Extracted entries section start
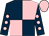 Dark blue and pink (quartered), dark blue sleeves, pink spots and cap (Mrs Anthea Williams & Partner)
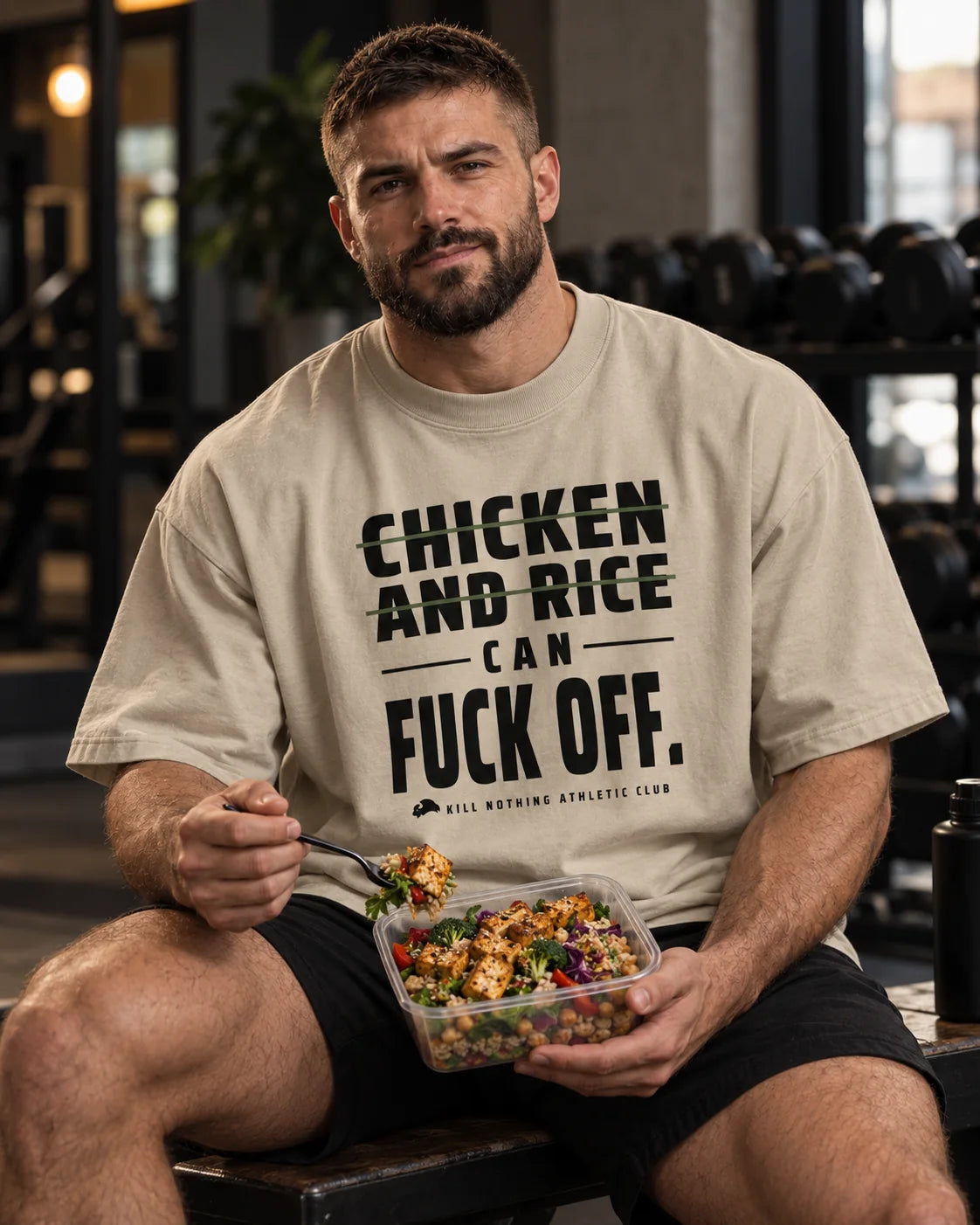 Chicken and Rice - Oversized Tee, stone, worn by an athlete in the gym (AI-generated image)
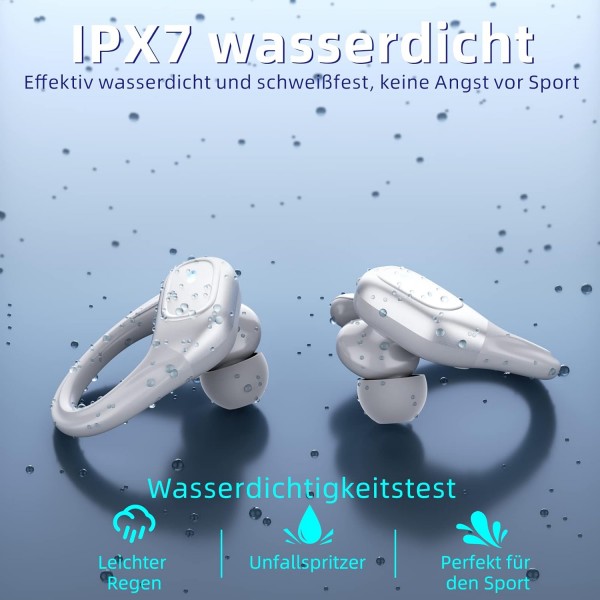 Ulfsaar Bluetooth 헤드폰, HD 마이크가 있는 귀 헤드폰 무선 Bluetooth 5.3, 무선 헤드폰 HiFi 스테레오, Android iOS 실버용 스포츠 이어폰 딥 베이스 IPX7 방수 90시간 재생 시간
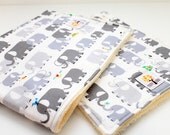 Baby Boy Burp Cloth Set of 2 Cute Elephants & animals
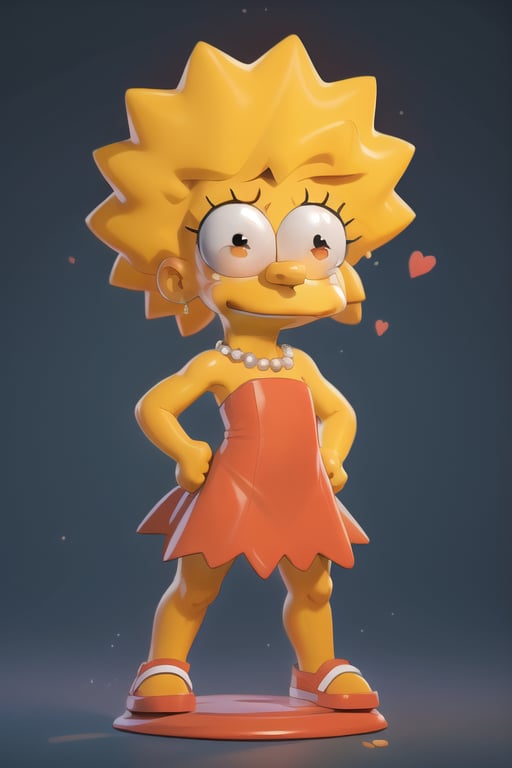 ((masterpiece, best quality)),(complex light), full body,1girl, solo, lisa simpson, ,red dress,closed mouth, black bead eyes, running,Lisa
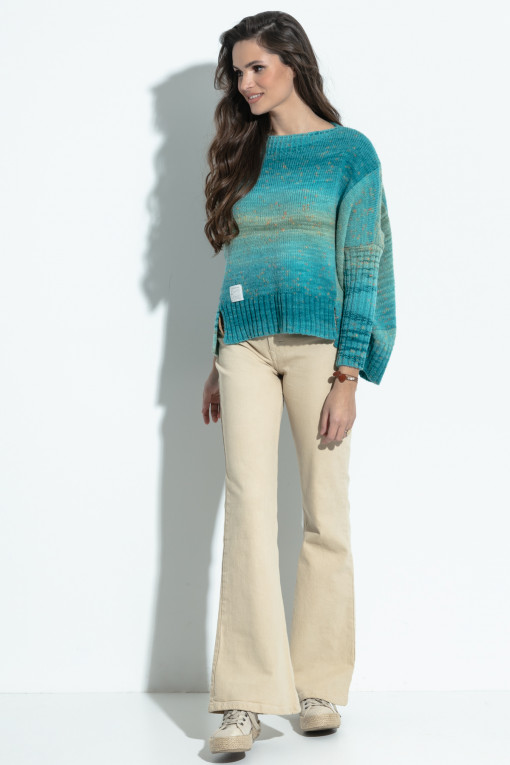 Colorful oversized merino wool sweater F1384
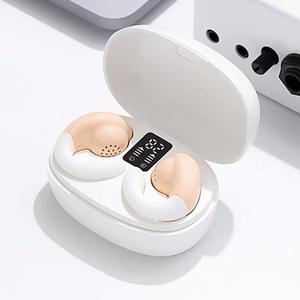 Open Ear Earbuds Sport Clip On Open Ear Headphones Bone Conduction Earbuds Cycling Running Workout Ear Buds Wireless Headphones Bone Conducting Earbud Gaming Gym Bluetooth Earbud Earphones (Beige1)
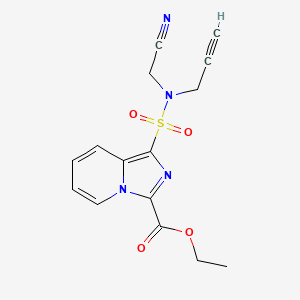 molecular formula C15H14N4O4S B7101988 Ethyl 1-[cyanomethyl(prop-2-ynyl)sulfamoyl]imidazo[1,5-a]pyridine-3-carboxylate 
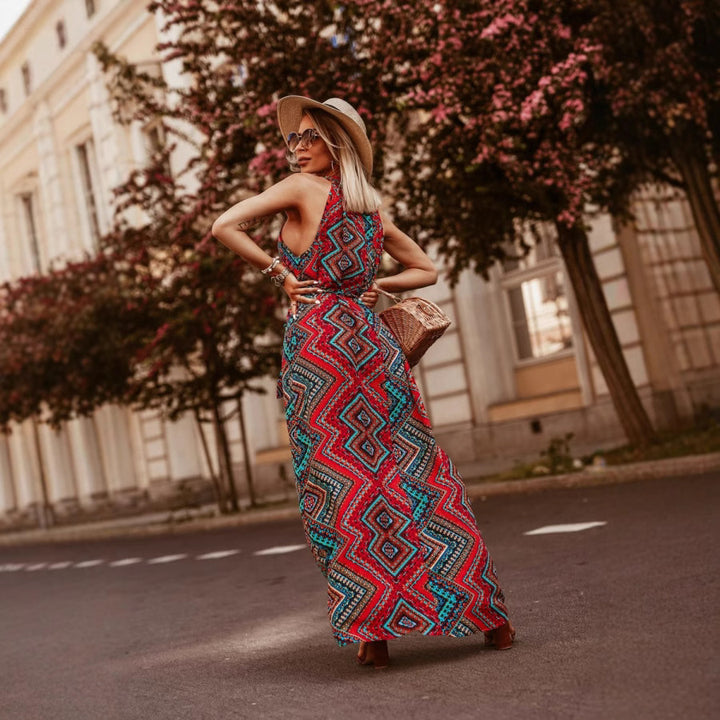 Red Printed Halter Neck Dress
Extracted entries section end
— Work order —
The answer is the full listing above, reproduced character for character, minus its images.

— Task result —
 Dark blue and pink (quartered), dark blue sleeves, pink spots and cap (Mrs Anthea Williams & Partner)
 Chicken and Rice - Oversized Tee, stone, worn by an athlete in the gym (AI-generated image)
 Ulfsaar Bluetooth 헤드폰, HD 마이크가 있는 귀 헤드폰 무선 Bluetooth 5.3, 무선 헤드폰 HiFi 스테레오, Android iOS 실버용 스포츠 이어폰 딥 베이스 IPX7 방수 90시간 재생 시간
 Baby Boy Burp Cloth Set of 2 Cute Elephants & animals
 ((masterpiece, best quality)),(complex light), full body,1girl, solo, lisa simpson, ,red dress,closed mouth, black bead eyes, running,Lisa
 Colorful oversized merino wool sweater F1384
 Open Ear Earbuds Sport Clip On Open Ear Headphones Bone Conduction Earbuds Cycling Running Workout Ear Buds Wireless Headphones Bone Conducting Earbud Gaming Gym Bluetooth Earbud Earphones (Beige1)
 molecular formula C15H14N4O4S B7101988 Ethyl 1-[cyanomethyl(prop-2-ynyl)sulfamoyl]imidazo[1,5-a]pyridine-3-carboxylate 
 Red Printed Halter Neck Dress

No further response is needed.